Aerosols are tiny solid and liquid air pollution particles with big impacts on Earth’s climate. Moreover, the impact of anthropogenic aerosols on clouds is the most uncertain driver of climate change. If the poorly-quantified aerosol cooling has thus far masked a large part of well-quantified greenhouse gas warming, then Earth’s climate would be highly sensitive to anthropogenic forcing. The general aim of our research is to better constrain aerosol forcing to enable more reliable projections of climate futures, informing climate change mitigation and adaptation.

We improve the understanding of aerosol-cloud interactions using plume-shaped polluted cloud track opportunistic experiments, where experiment-like conditions occur without any intervention by the researcher. We rely on remote sensing of clouds and precipitation to study aerosol impacts on clouds. To what extent are clouds more extensive, thicker and brighter in response to anthropogenic aerosol pollution? Answering these questions helps to solve one of the greatest puzzles in climate science.

In the image on the left, the unpolluted clouds are given in brownish colours and cloud tracks polluted by industrial aerosols in greyish colours. The industrial aerosol sources inducing the polluted cloud tracks are indicated with place markers.


 

We need opportunistic experiments to overcome the noise induced by the meteorological covariability and infer the causal impact of aerosols on clouds.

Shark attacks have been found to be correlated to ice cream sales. However, eating ice cream does not cause the attack! It is the nice sunny weather that attracts more people to go to the beach, leads to elevated ice cream sales, and favours people to go swimming. Similarly, weather controls the properties of both aerosols and clouds! Although the causal impact of aerosols on clouds exists, it’s challenging to quantify it!
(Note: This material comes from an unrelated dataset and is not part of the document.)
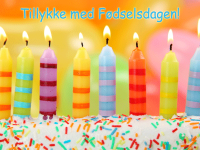 Gratis fødselsdagskort med farverige fødselsdagslys. Skriv din personlige fødselsdagshilsen og send kortet gratis online.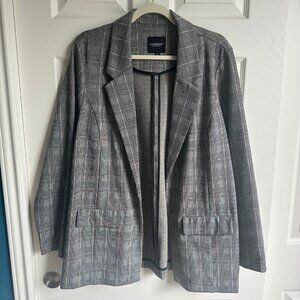 Liverpool Boyfriend Blazer Open Front Gray White Sand Plaid XL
Cloud tracks polluted by aerosols from industries, fires, volcanoes or ships serve as opportunistic experiments of aerosol-cloud interactions. Using satellite data, we compare the properties of clouds in the aerosol-polluted opportunistic experiment regions to the properties of nearby unpolluted clouds. Polluted and unpolluted regions are right next to each other, so the weather conditions are the same and only the level of aerosol pollution is changing!

In the image on the left (adapted from Christensen et al., 2022 ACP), an industrial aerosol plume induces a polluted cloud track.